_PROBLEM_: What is needed is an exact retyping of each entry, pictures excluded.

_STUDY MATERIAL_:
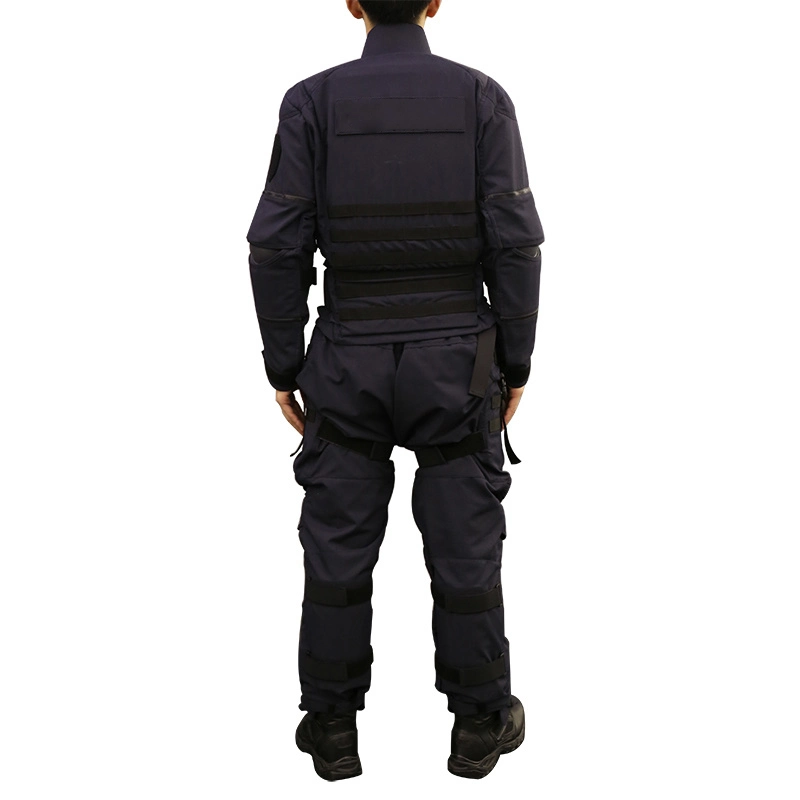 Senken Rone-Stop Solution Quick Wear Police Style Military Style Anti Riot Suit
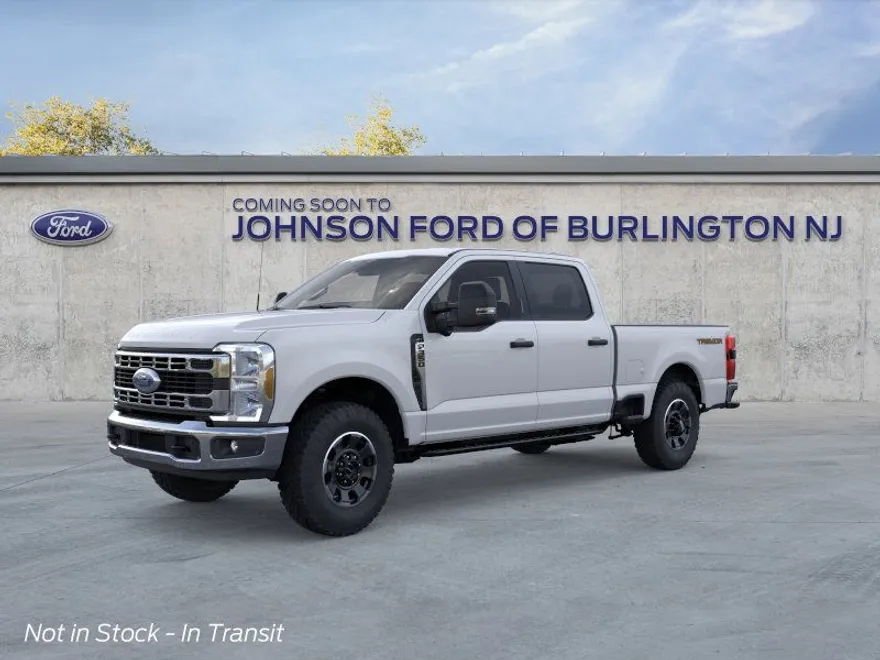2025 Ford F-350 photo 1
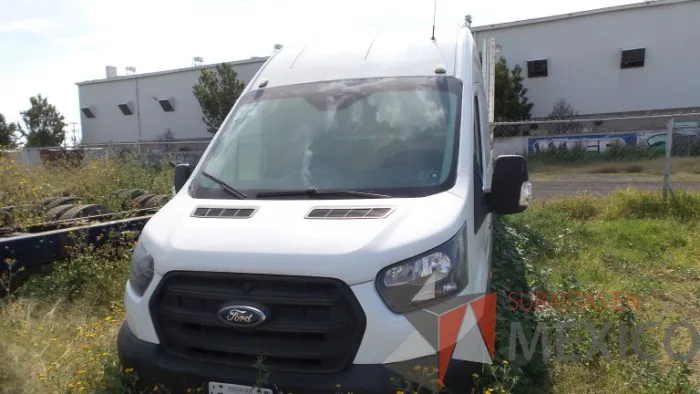 Lote 007 - Ford Transit Jumbo 2020 - Imagen 7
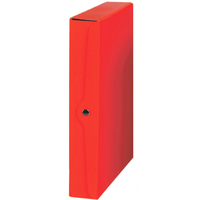 Prodotto Scatole Progetti - Dorso 4 Rosso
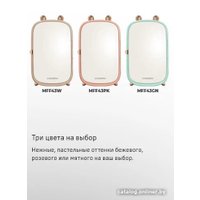 Бьюти-холодильник MAUNFELD MFF43W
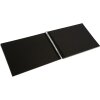Album spiralny Hemp Stationery 24x17 cm 3 kolory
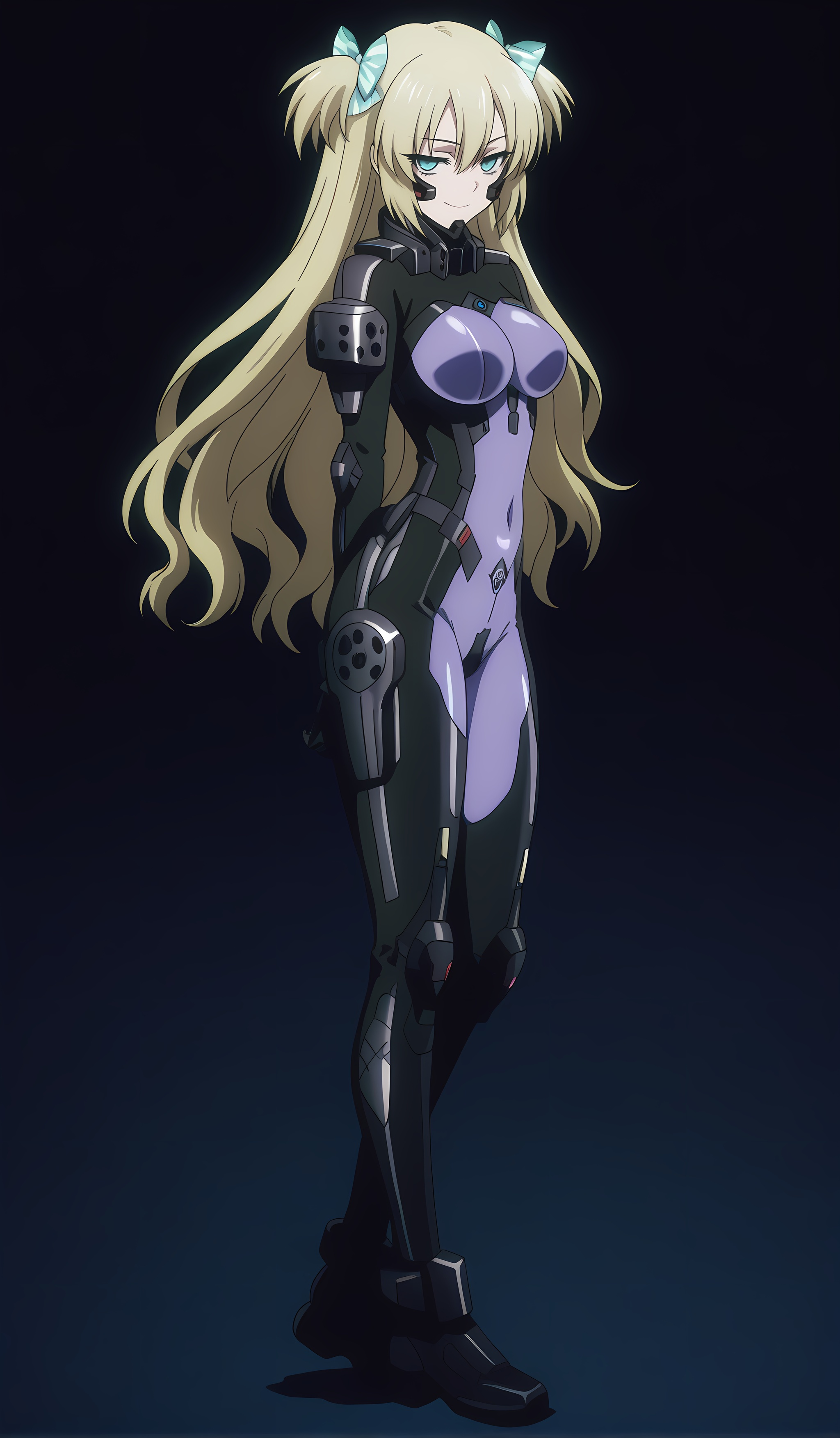 lise-hohenstein-schwarzesmarken,  pilotoutfit,  1girl on Tensor.Art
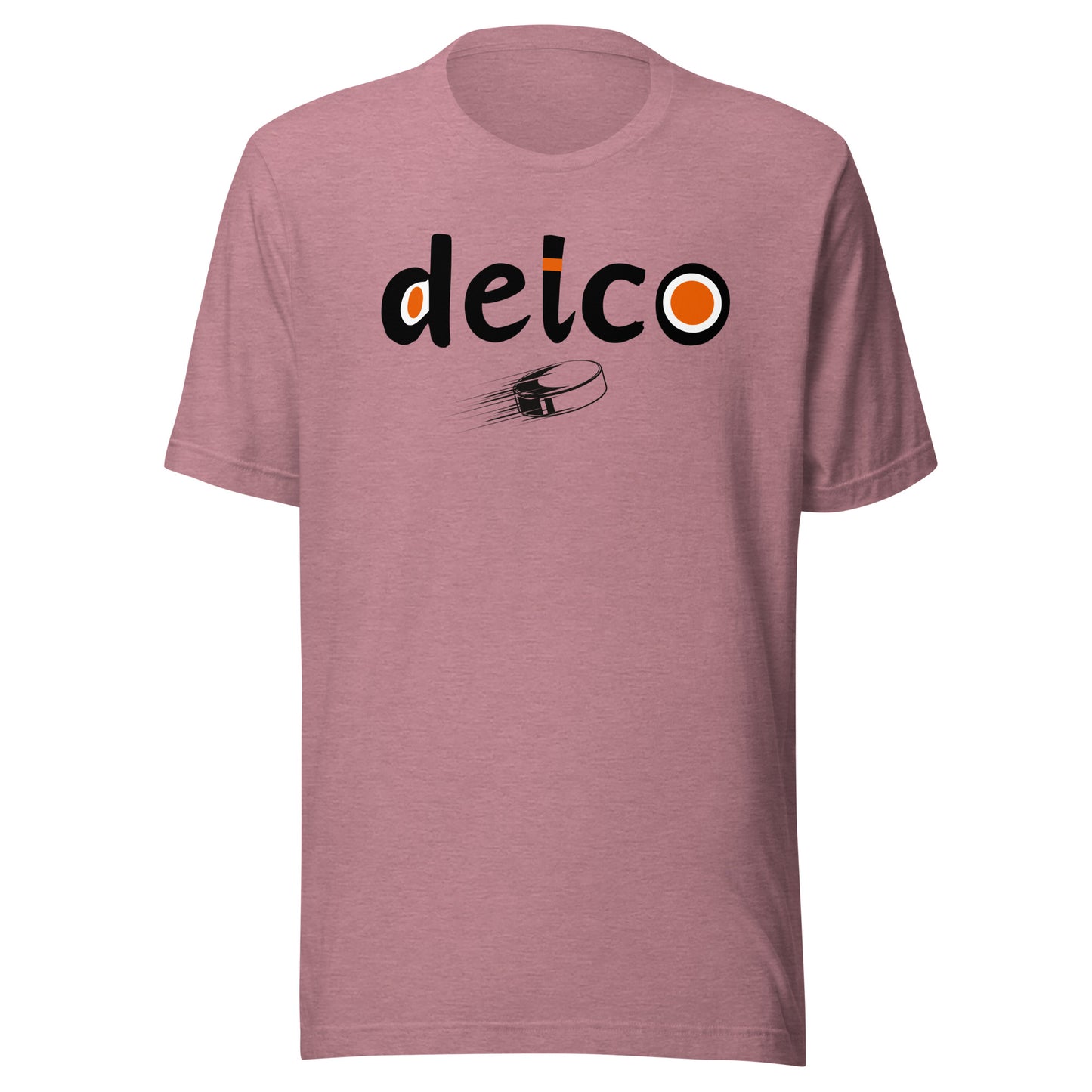 Delco flyers inspired t-shirt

_RESPONSE TO THE EXERCISE_:
 Senken Rone-Stop Solution Quick Wear Police Style Military Style Anti Riot Suit
2025 Ford F-350 photo 1
 Lote 007 - Ford Transit Jumbo 2020 - Imagen 7
 Prodotto Scatole Progetti - Dorso 4 Rosso
 Бьюти-холодильник MAUNFELD MFF43W
Album spiralny Hemp Stationery 24x17 cm 3 kolory
 lise-hohenstein-schwarzesmarken,  pilotoutfit,  1girl on Tensor.Art
 Delco flyers inspired t-shirt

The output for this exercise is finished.